Modern birey, içsel sahnesinde sıkça şu repliği tekrarlar: “Güçlü olmalıyım. Kimseye yük olmamalıyım. Her şeyi kendi başıma halletmeliyim.”

Bu söylem, kulağa büyüme ve özerklik arzusu gibi gelse de, çoğu zaman derinlerde daha ilkel korkuların izlerini taşır.

Çocuklukta yaşanan duygusal ihmal ya da koşullu kabul, bireyin zihninde şu izleri bırakabilir:
“Zayıflık gösterirsem sevilmem.”
“İhtiyacımı belli edersem terk edilirim.”
Bu nedenle kişi, en temel psikolojik ihtiyaçlarını bile bastırmayı öğrenir. Yardım istemek bir zafiyet, duygusal yakınlık bir risk haline gelir.

Kendiyle baş etme becerisi geliştirmek elbette ruhsal bir kazanımdır. Ancak bu beceri, duygusal izolasyonun zırhına dönüşüyorsa, gelişimden çok savunmayı temsil eder.
Gerçekte kişi, yalnız değil temassız bir hayatta sıkışır.

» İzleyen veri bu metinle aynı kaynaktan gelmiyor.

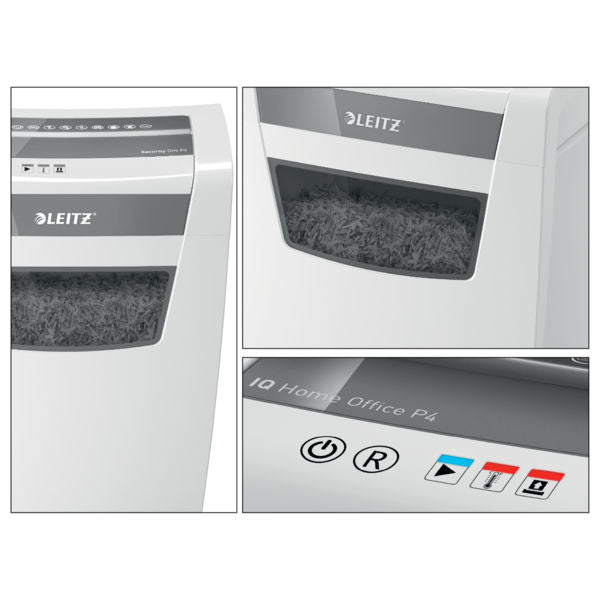 Leitz IQ Home Office Cross Cut Paper Shredder P4 23L White 80091000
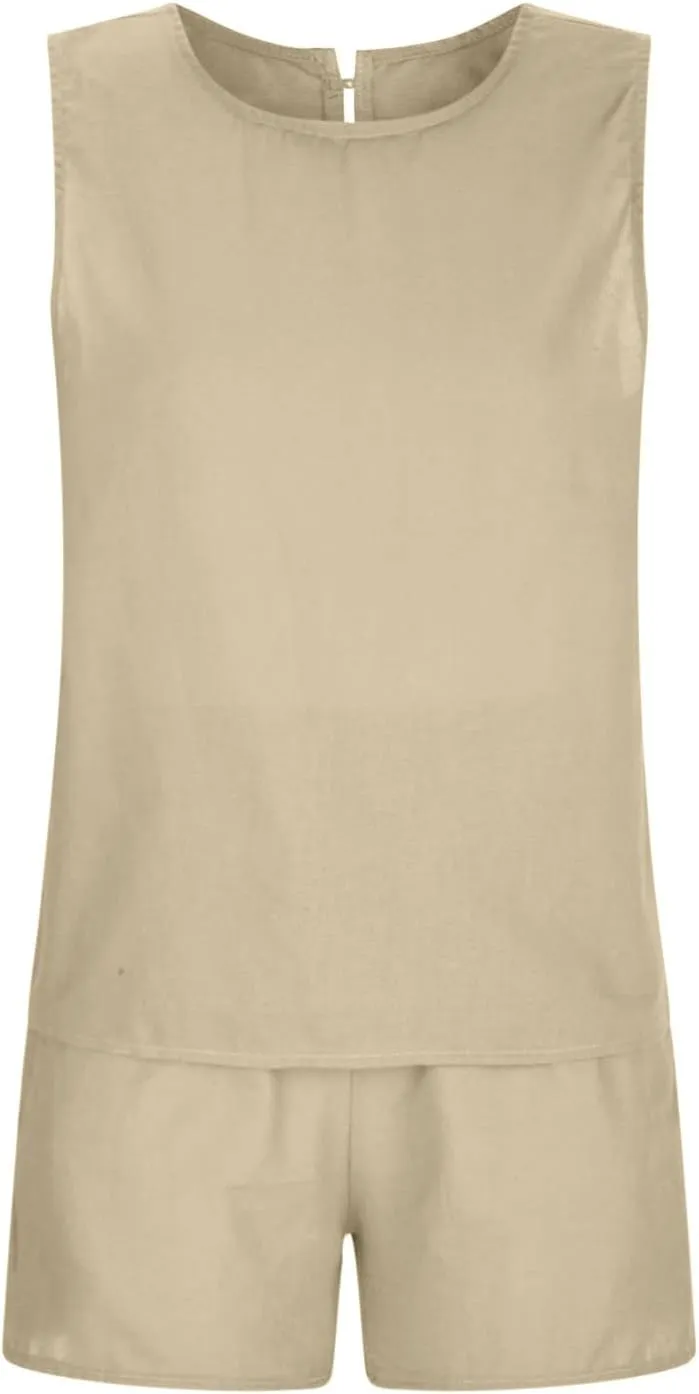 Short Sets For Women 2 Piece Vacation Outfits 2024 Summer Sleeveless Crop Top Elastic Waist Shorts Set Linen Lounge Set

İlişkisel bağlar, yalnızca dışsal destek değil; içsel bütünlüğün de aynasıdır.

Bu anlamda, yardıma ihtiyaç duymak sağlıklıdır.
Birey kendini sadece kendi omuzlarında taşıdığında, içsel nesneleriyle diyaloğu da tek yönlü kalır. Oysa gerçek büyüme, hem içsel figürlerle hem de dışsal ilişkilerle kurulan canlı ve esnek bir temasla mümkündür.

Özetle:
Güç, dayanıklılık ve bireysel yeterlilik elbette değerlidir.
Ancak bu değerler, içsel yalnızlığın süslenmiş hâline dönüşüyorsa, altında gömülü olanlara bakmak gerekir.